Число воспитывающихся у нас всегда было чрезвычайно мало, но те, которые воспитывались, получали не то чтоб объемистое воспитание, но довольно общее и гуманное, оно очеловечивало учеников всякий раз, когда принималось. Но человека-то именно и не нужно было ни для иерархической пирамиды, ни для преуспевания помещичьего быта. Приходилось или снова расчеловечиваться — так толпа и делала, — или приостановиться и спросить себя: «Да нужно ли непременно служить? Хорошо ли действительно быть помещиком?» За сим для одних, более слабых и нетерпеливых, начиналось праздное существование корнета в отставке, деревенской лени, халата, странностей, карт, вина, для других — время искуса и внутренней работы. Жить в полном нравственном разладе они не могли, не могли также удовлетвориться отрицательным устранением себя; возбужденная мысль требовала выхода. Разное разрешение вопросов, одинаково мучивших молодое поколение, обусловливало распадение на разные круги.
Так сложился, например, наш кружок и встретил в университете, уже готовым, кружок сунгуровский. Направление его было, как и наше, больше политическое, чем научное. Круг Станкевича, образовавшийся в то же время, был равно близок и равно далек с обоими. Он шел другим путем, его интересы были чисто теоретические.
В тридцатых годах убеждения наши были слишком юны, слишком страстны и горячи, чтобы не быть исключительными. Мы могли холодно уважать круг Станкевича, но сблизиться не могли. Они чертили философские системы, занимались анализом себя и успокаивались в роскошном пантеизме, из которого не исключалось христианство. Мы мечтали о том, как начать в России новый союз по образцу декабристов и самую науку считали средством. Правительство постаралось закрепить нас в тенденциях наших.
В 1834 году был сослан весь кружок Сунгурова — и исчез.
В 1835 году сослали нас; через пять лет мы возвратились, закаленные испытанным. Юношеские мечты сделались невозвратным решением совершеннолетних. Это было самое блестящее время круга Станкевича. Его самого я уже не застал, он был в Германии, но именно тогда статьи Белинского начинали обращать на себя внимание всех.

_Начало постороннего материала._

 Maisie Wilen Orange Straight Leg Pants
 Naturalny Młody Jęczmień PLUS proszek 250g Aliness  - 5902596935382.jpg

Возвратившись, мы померились. Бой был неровен с обеих сторон, почва, оружие и язык — все было разное. После бесплодных прений мы увидели, что пришел наш черед серьезно заняться наукой, и сами принялись за Гегеля и немецкую философию. Когда мы усвоили ее себе, оказалось, что между нами и кругом Станкевича спора нет.
Круг Станкевича должен был неминуемо распуститься. Он свое сделал, и сделал самым блестящим образом; влияние его на всю литературу и на академическое преподавание было огромно, — стоит назвать Белинского и Грановского, в нем сложился Кольцов, к нему принадлежали Боткин, Катков и проч. Но замкнутым кругом он оставаться не мог, не перейдя в немецкий доктринизм, — живые люди из русских к нему не способны.
Возле круга Станкевича, кроме нас, был еще другой круг, сложившийся во время нашей ссылки, и был с ними в такой же чересполосице, как и мы; его-то впоследствии назвали славянофилами. Славяне приближались с противоположной стороны к тем же жизненным вопросам, которые занимали нас, были гораздо больше их ринуты в живое дело и в настоящую борьбу.
Между ними и нами, естественно, должно было разделиться общество Станкевича. Аксаковы, Самарин примкнули к славянам, то есть к Хомякову и Киреевским. Белинский, Бакунин — к нам. Ближайший друг Станкевича, наиболее родной ему всем существом своим, Грановский был нашим с самого приезда из Германии.
По воспоминаниям Александра Герцена[15]
В начале 40-х годов
Новые друзья приняли нас горячо, гораздо лучше, чем два года тому назад. В их главе стоял Грановский, ему принадлежит главное место этого пятилетия. Огарев был почти все время в чужих краях. Грановский заменял его нам, и лучшими минутами того времени мы обязаны ему. Великая сила любви в этой личности. Со многими я был согласен во мнениях, но с ним я был ближе — там где-то, в глубине души.
Грановский и все мы были сильно заняты, все работали и трудились, кто занимая кафедры в университете, кто участвуя в обозрениях и журналах, кто изучая русскую историю; к этому времени относятся начала всего сделанного потом.
Мы были уже далеко не дети; в 1842 году мне стукнуло тридцать лет, мы слишком хорошо знали, куда нас вела наша деятельность, но шли. Не опрометчиво, но обдуманно продолжали мы наш путь тем успокоенным, ровным шагом, к которому приучил нас опыт и семейная жизнь. Это не значило, что мы состарились, нет, мы были в то же время юны, и оттого одни, выходя на университетскую кафедру, другие, печатая статьи или издавая газету, каждый день подвергались аресту, отставке, ссылке.